A couple of FATE operations can perform actions on behalf of a "user", these operations are: AENS_PRECLAIM, AENS_CLAIM, AENS_UPDATE, AENS_TRANSFER, AENS_REVOKE, ORACLE_REGISTER, ORACLE_RESPOND, and ORACLE_EXTEND. The first argument of these operations is a delegation signature - the signature "proves" that the user is allowed to manipulate the object (name or oracle). Naturally, if the contract itself is the owner of the name/oracle the signature is not needed. Otherwise, the user signs (using the private key) data authorizing the operation. Note: it is not possible to make a delegation signature using a generalized account.

There are five different delegation signatures: - AENS_PRECLAIM - the user signs: owner account + contract - AENS_CLAIM,AENS_UPDATE, AENS_TRANSFER, AENS_REVOKE - the user signs: owner account + name hash + contract - AENS wildcard (valid for any name) - the user signs: owner account + contract [New in FATE_03] - ORACLE_REGISTER, ORACLE_EXTEND - the user signs: owner account + contract - ORACLE_RESPOND - the user signs: query id + contract

To protect about cross network re-use of signatures, the data to be signed is also prefixed with the network id.

From Ceres: Serialized signature data

From Ceres/FATE_03 the material to be signed is more structured; the reason is two-fold, (a) to make it easier for the signer to see the what is signed and why, and (b) to safeguard against spoofing a transaction as a delegation signature (their structure was similar). Note: the semantic data to be signed has not changed from the description above, only the exact bytes to be signed and its structure.

For general information about serialization, RLP encoding, etc, see the general serialization document.

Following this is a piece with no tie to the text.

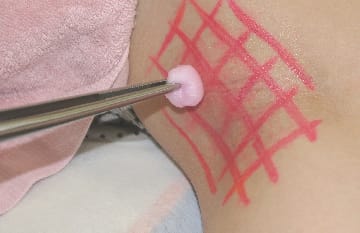 局所麻酔・消毒・ジェル塗布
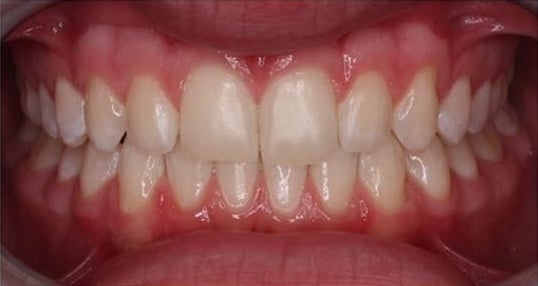 Calvin after orthodontic treatment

We use the tag 0x1a01 to identify delegation signatures. We use the following tags/types to identify the different delegation signatures:

Tag Delegation type
1 aens wildcard
2 aens name
3 aens preclaim
4 oracle
5 oracle response

For serialization we use a schema similar to chain object serialization with the tags in the table above and version is 1. I.e. S = rlp([tag, vsn] ++ fields) with fields as described below. The complete binary to sign is:

 0x1a01 + <network_id> + S

AENS Wildcard

[ <account>  :: id()
, <contract> :: id() ]

AENS Name

[ <account>  :: id()
, <name>     :: id()
, <contract> :: id() ]

AENS Preclaim

[ <account>  :: id()
, <contract> :: id() ]

Oracle handling

[ <account>  :: id()
, <contract> :: id() ]

Oracle response

[ <query_id> :: id()     %% using id type 'oracle'
, <contract> :: id() ]

Notation

Some notes on notation and definition of terms used in this document.

Bits

Bits are counted from the least significant bit, starting on 0. When bits are written out they are written from the most significant bit to the least significant bit.

Example the number 1 in a byte would be written in binary as:

00000001
And we would say that bit 0 is set to 1. All other bits 1 to 7 are set to 0.

Word size

The word size of the machine is 8 bits (one byte) but each type and instruction uses words of varying sizes, all multiples of bytes though.